Anthony M Gonzalez, MD, FACS, FASMBS, Christian Hernandez Mucia, MD, Pedro E Garcia Quintero, MD, Rey Romero, MD, Charan Donkor, MD, Jorge R Rabaza, MD, FACS, FASMBS. Baptist Health South Florida.
BACKGROUND: Sleeve Gastrectomy (SG) has been adopted as a stand-alone treatment for morbid obesity due its low morbidity and effectiveness that rivals Roux en-Y-Gastric Bypass (RYGB). Gastric Torsion (GT) after SG is a rare complication and poorly reported. The purpose of this video is to report three cases of GT after SG.
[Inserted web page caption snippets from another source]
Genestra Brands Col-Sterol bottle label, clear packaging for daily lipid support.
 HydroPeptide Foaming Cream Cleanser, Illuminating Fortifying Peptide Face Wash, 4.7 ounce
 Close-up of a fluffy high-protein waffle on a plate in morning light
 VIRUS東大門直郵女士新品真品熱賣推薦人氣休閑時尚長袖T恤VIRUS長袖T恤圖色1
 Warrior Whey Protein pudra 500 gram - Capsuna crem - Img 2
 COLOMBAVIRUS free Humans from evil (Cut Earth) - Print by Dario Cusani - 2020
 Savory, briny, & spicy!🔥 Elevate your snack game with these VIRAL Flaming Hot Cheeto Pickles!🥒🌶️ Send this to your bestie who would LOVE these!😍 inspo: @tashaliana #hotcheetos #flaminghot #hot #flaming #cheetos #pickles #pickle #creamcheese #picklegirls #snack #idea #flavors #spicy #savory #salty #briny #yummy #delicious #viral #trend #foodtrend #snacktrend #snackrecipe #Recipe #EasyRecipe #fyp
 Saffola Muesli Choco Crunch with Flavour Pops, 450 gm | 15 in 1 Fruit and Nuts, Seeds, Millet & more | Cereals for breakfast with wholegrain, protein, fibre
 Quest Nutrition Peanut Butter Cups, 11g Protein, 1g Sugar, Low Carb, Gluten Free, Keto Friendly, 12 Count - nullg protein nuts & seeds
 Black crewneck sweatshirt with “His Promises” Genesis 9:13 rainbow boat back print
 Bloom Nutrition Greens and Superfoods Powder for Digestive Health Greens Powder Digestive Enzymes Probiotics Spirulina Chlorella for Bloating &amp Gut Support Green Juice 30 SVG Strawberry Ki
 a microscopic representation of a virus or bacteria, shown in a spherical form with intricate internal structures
METHODS: Between 2008 and 2013, a total of 295 SG where performed at South Miami Hospital Weight Loss Surgery Program (Baptist Health South Florida); 3 female patients of one single surgeon (AMG) presented with GT after SG. In these three patients, the mean age was 52 years old, the mean body mass index 41.36 kg/m2 and the mean time between SG and GT diagnosis was 111 days. After appropriate testing preoperatively, which included image studies and upper endoscopy, patients were surgically treated (2 robotic and 1 laparoscopic). In every case, intraoperative findings showed GT secondary to adhesions between staple line and the liver, the treatment consisted in lysis of adhesions with or without gastropexy.
OUTCOMES: The recovery was uneventful for all patients, with no GT recurrences. One patient was converted to RYGB for weight loss failure 15 months after SG.
CONCLUSIONS: GT after SG for the treatment of morbid obesity is a rare complication. Endoscopy is the most useful preoperative test. The common finding noted in our cases was adhesions between the staple line and the liver, causing torsion of the sleeve. This complication can be treated safety (robotic or laparoscopic) by lysis of the adhesions with or without gastropexy.